JUNE 3, 2013 will bring big changes to FHA. Real estate agents and home buyers need to be aware of how the changes in FHA will impact a home purchase. FHA for a long time has been a go to loan program for first time home buyers in particular. Higher debt to income, lower credit scores and higher loan to value loans, plus the fact down payment funds may be a gift or grant all are reasons to look at FHA.

In the past the fact FHA had an up front mortgage insurance premium plus a monthly factor was offset by other factors in comparing it to a conventional mortgage loan. When the up front or monthly mortgage insurance was lower, FHA displayed little disadvantage. The recent increased up front MI requirement, plus the monthly requirement has caused us to take a good look before recommending FHA.

Now as of June 3, 2013 there is even a greater reason to be sure we as loan originators and real estate agents are making borrowers aware of the difference in FHA and other loan programs.

 

Most of us in the industry are used to explaining private mortgage insurance. As part of that discussion the question about dropping the mortgage insurance comes up. Depending upon the loan program someone starting out with mortgage insurance could drop it at 78% or 80% loan to value, with some minimum time it must stay with the loan. For FHA loans, this changes on June 3, 2013.

 

FOR LOANS WITH LESS THAN 90% LOAN TO VALUE MORTGAGE INSURANCE CAN BE DROPPED WHEN THE HOME OWNER REACHES 78% LOAN TO VALUE. BUT MUST BE KEPT IN PLACE FOR 11 YEARS MINIMUM.

 

FOR LOANS WITH GREATER THAN 90% LOAN TO VALUE MORTGAGE INSURANCE IS PERMANENT, REGARDLESS OF LOAN TO VALUE. 

 

To avoid the above changes FHA case numbers must be ordered before June 3, 2013. For those home buyers considering using FHA, it would benefit them to buy prior to this change. On those mortgage loans with minimal down payment, refinance is the only way out of PMI even with 22% equity is attained, BUT we are experiencing the lowest interest rates in history. The liklihood one will want to refinance out of a really low rate in a few years is low.

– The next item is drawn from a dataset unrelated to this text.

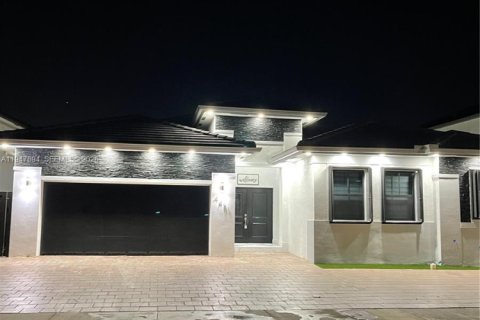 Villa ou maison à vendre à Miami, Floride: 4 chambres, 214.23 m2 № 2005051 - photo 2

After June 3, 2013, there will be those loans that FHA will work best for; unless other loan programs make similar changes, I would think FHA would lose market share. When they already are suffering due to a lack of cash, I cannot imagine less business is the answer, but a reasonable person would believe it is what we will have going forward in June.

 

Joe Petrowsky
Mortgage Consultant, Right Trac Financial Group, Inc. NMLS # 2709 - Manchester, CT
Your Mortgage Consultant for Life

We are already moving toward doing less FHA mortgages. Hopefully, they do something to eliminate this stupidity.

Apr 29, 2013 11:58 PM
Dora Griffin
D A Griffin Financial.LLC - Fort Thomas, KY
NMLS 6380

I agree, Joe. It sure makes our explanation of why one needs MI a little harder. I always explain that it is to cover the lender in the event there is a default. I wonder how they justify that when a borrower has say, 50% equity.